One example of such recommendations is a new statement issued by the US Council on Foreign Relations (CFR). This think tank has earned a name for itself in recent years, in particular, for its achievements in the field of monitoring, analyzing and forecasting conflicts and crises in international relations.

It is important to note that the in its approach to the study of contemporary conflicts and crises the CFR does not limit itself to purely academic research, but focuses on clear “applied” analysis, in that it seeks to identify the potential impact of such conflicts and crises on US interests.

The striking changes of direction in Washington’s “crisis policy” after the end of the Cold War, as reflected in its dispatch of US troops to Iraq, Afghanistan and other parts of the world, have lead the CFR’s experts to conclude that such initiatives lead to adverse consequences, including a dangerous “overstretching” of US resources due to its extensive foreign policy obligations. An analysis of the reasons for US miscalculations leads the CFR to the conclusion, given the endless series of crises in various regions, that important decisions were often taken “in pressured circumstances and with considerable uncertainty about the risks involved.”

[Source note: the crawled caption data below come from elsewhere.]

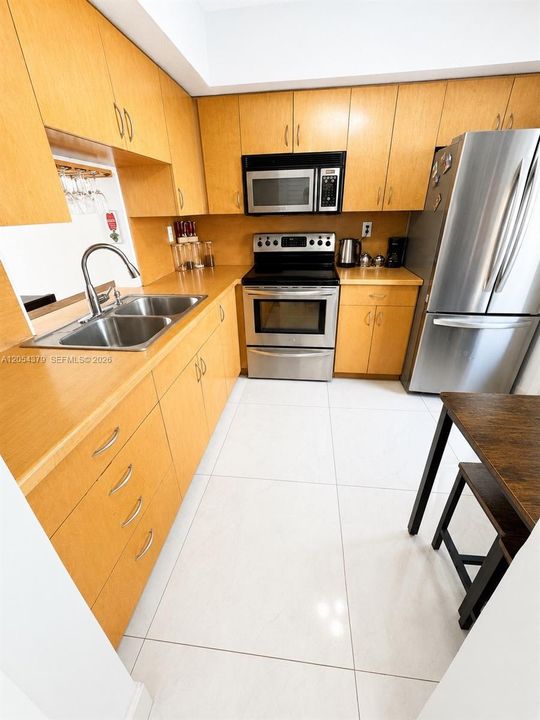 В аренду: $2,150 (1 спален, 1 ванн, 817 Квадратных фут)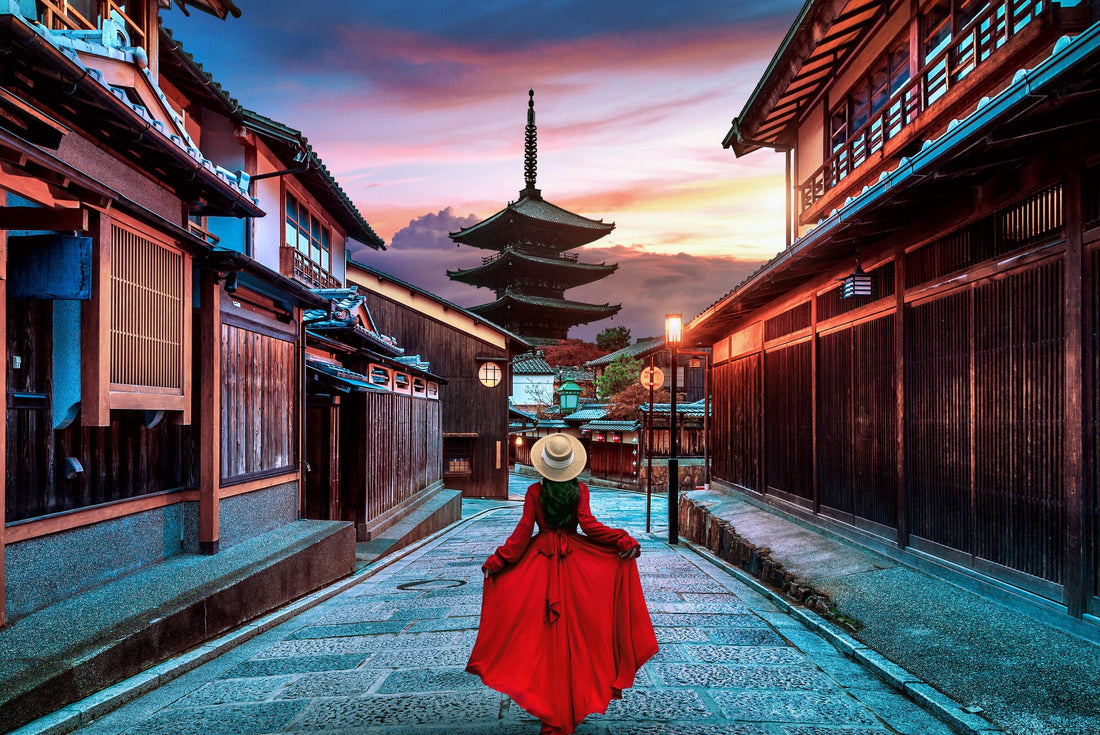 Noah Jigsaw Puzzle Woman walking at Yasaka Pagoda and Sannen Zaka Street in Kyoto, Japan 2000 pieces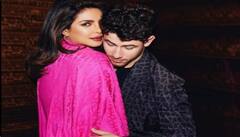 Priyanka Chopra Pics : ਡੀਪਨੇਕ ਆਊਟਫਿਟ 'ਚ ਪ੍ਰਿਯੰਕਾ ਚੋਪੜਾ ਨੇ ਫਲਾਂਟ ਕੀਤੀ ਕਰਵੀ ਫਿਗਰ, ਪਤੀ ਦੀਆਂ ਬਾਹਾਂ 'ਚ ਬਾਹਾਂ ਪਾ ਕੇ ਦਿੱਤੇ ਰੋਮਾਂਟਿਕ ਪੋਜ਼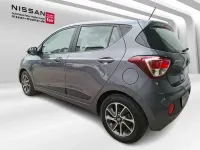 Gebraucht Hyundai i10 Style 87 PS (63 kW) 2017 Grau Kleinwagen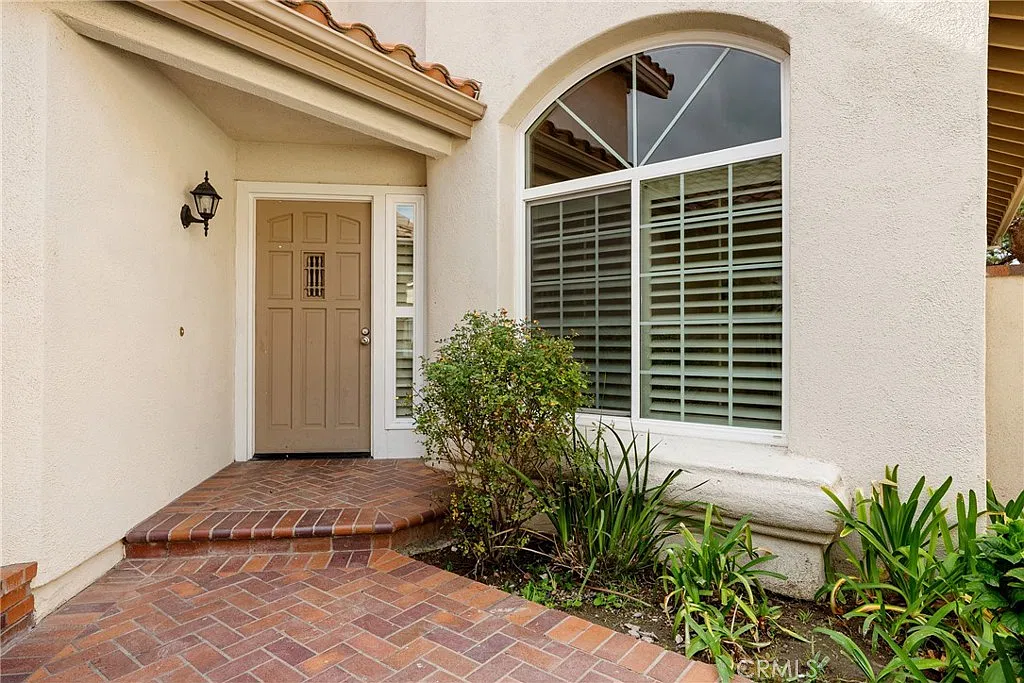 5 bed, 2817 sqft, $7,400 — Photo 4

In order to remedy this situation, the CFR analysts see their main task as “to provide expert assistance to the developers of US foreign policy line in identifying signs of threats posed by developing crises at the earliest possible stage, in order to promptly and proactively provide information to the executive authorities so that they can take the necessary preventive measures in a timely manner and make rational use of the available resources.”

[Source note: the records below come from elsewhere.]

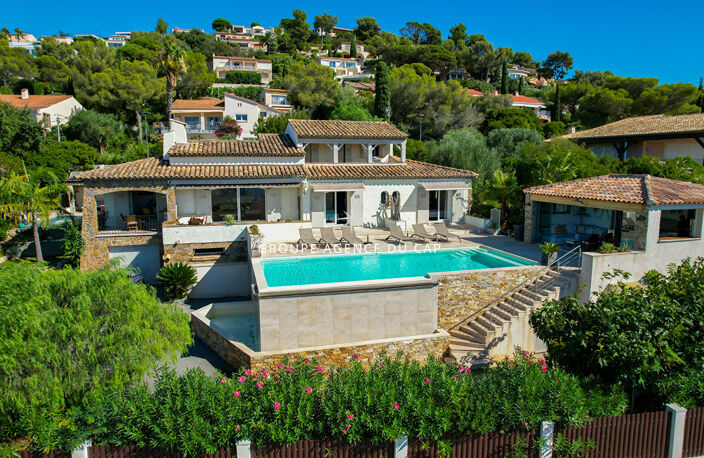 A VENDRE VILLA 6 CHAMBRES EN SUITE PISCINE POOL HOUSE VUE MER PANORAMIQUE SUR ST-TROPEZ GARAGES ET PARKINGS — photo 3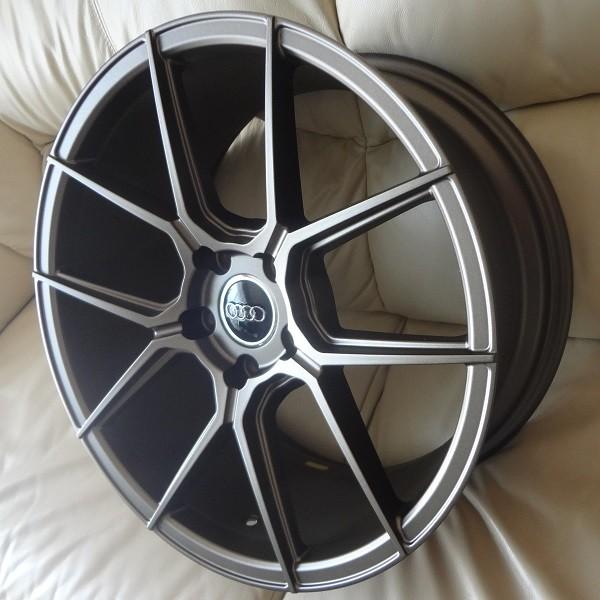 アウディ 純正ホイール 夏タイヤ 235/50r18 - タイヤ、ホイール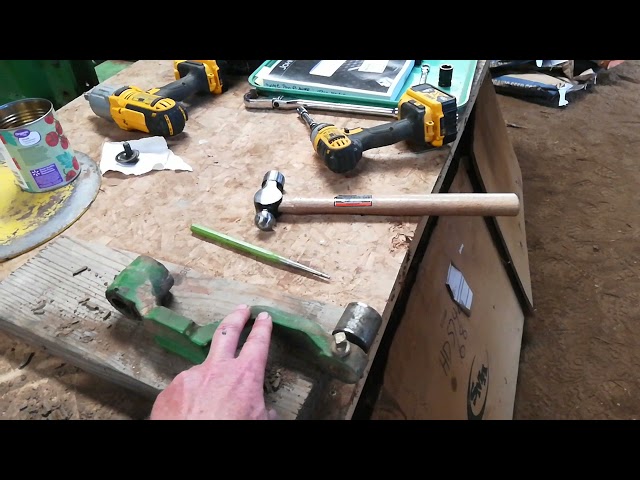 Repair Wobbling Gauge Wheels on Deere 7200 Planter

To achieve this goal, the CFR has developed a methodology for the examination of contemporary crisis phenomena and conflicts. On an annual basis the CFR surveys the views of a wide spectrum of experts in the field of foreign policy in order to identify the range of conflicts currently playing out in the world. Based on the results of its survey, the CFR draws up a list of 30 current, possible, and projected situations that “have a significant potential for conflict development and may have an unfavorable impact on US interests” in the coming twelve months. Such a “narrow” time frame, according to the CFR’s experts, allows it to identify signs of specific conflict situation becoming more serious at an early stage while still leaving enough time for US executive authorities to prepare the necessary preventive or retaliatory measures.

Based on the results of its analysis, the CFR draws up a Risk Assessment Matrix. In essence, this is a scale of priorities, in which selected crises and conflicts are ranked from those which may have “a high impact on US interests combined with a high likelihood of occurrence” (Tier I situations), “a low impact on US interests with a high likelihood of occurrence” (Tier II situations), or “of a low impact on US interests and a low likelihood of occurrence” (Tier III situations).

In order to take into account the high mobility and volatility of crisis phenomena, the CFR places great emphasis on analyzing the rate of change in such processes. One tool designed to help achieve this goal is the Global Conflict Tracker, an interactive online database of conflicts and crises which is maintained and regularly updated by the CFR.

How do American experts currently see the overall impact of crises situations on the interests of the United States? The new issue of the CFR’s annual Preventive Priorities Survey attempts to answer that question.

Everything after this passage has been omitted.